Jabbing his quizzing glass at Gideon, he leaned forward.
“I have heard some cock-and-bull fustian in my time, Captain Rossiter. But this—this mishmash you have brought me is downright ridiculous! You have wasted my time, sir; you have treated this court with contempt; you have used unseemly language before not only the appointed representative of law and order, but”—the quizzing glass slid to the side, the little eyes glittered, and the wizened face contorted into a grimace that might have been a smile—“before this lovely lady.” He returned his gaze to the fuming Rossiter, and his smile became a scowl.
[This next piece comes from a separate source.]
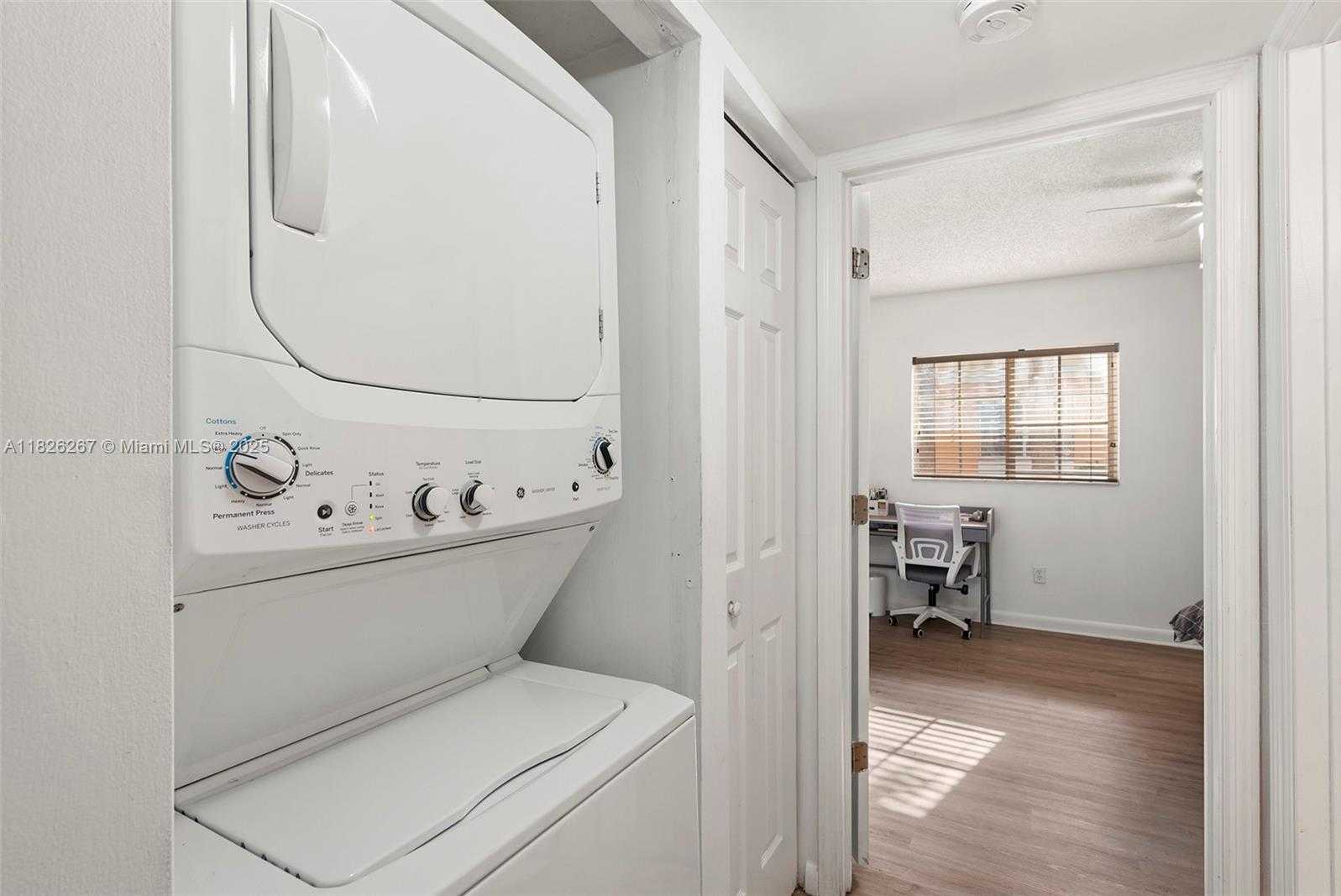 Small Image of 3660 NORTH 56TH AVE #602, Hollywood Number 18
“Disgraceful,” he said, and rapped his quizzing glass on the desk. “Fifty guineas.”
“Fifty guineas!” exclaimed Rossiter. “What the deuce for? You have done nothing!”
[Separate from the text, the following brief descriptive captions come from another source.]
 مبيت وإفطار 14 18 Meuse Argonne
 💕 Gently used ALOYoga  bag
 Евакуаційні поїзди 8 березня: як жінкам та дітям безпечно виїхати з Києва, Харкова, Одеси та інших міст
“We will make it—sixty guineas,” snapped the magistrate. “And one more outburst will provoke me into indeed doing something, sir, for I shall have you clapped up, sir!”
Naomi hurried to Gideon’s side and bent her most winning smile on the representative of law and order.
“I do apologize for my affianced, your honour,” she murmured softly.
“He is but now returned from the Low Countries, where he was seriously wounded and came near to dying. He is not quite himself as yet. In fact, I do suspect…” Ignoring Gideon’s impatient growl, she leaned nearer and lowered her voice to a confidential whisper.
The nostrils of the representative of law and order caught the essence of eau de jasmin; the quizzing glass was brought to bear on the rich soft swell of my lady’s snowy bosom, and the little beady eyes softened.
“Poor fellow,” he murmured. “Poor fellow. I quite understand, my dear. You are to be commended for your loyalty. Take him away. As for you, sir,” the quizzing glass swung to Gideon’s angry face.
“You are greatly blessed, and do not deserve it. I shall lower your fine to twenty guineas, and warn you not to waste the time of this court in future!”
Seeing Gideon’s expression, Naomi rested her hand on his arm. “Please pay his honour, my love. ’Tis time for you to go home and have your nap.”
Seething with frustrated fury, Gideon exchanged his evidence for twenty guineas, and retreated in disorder.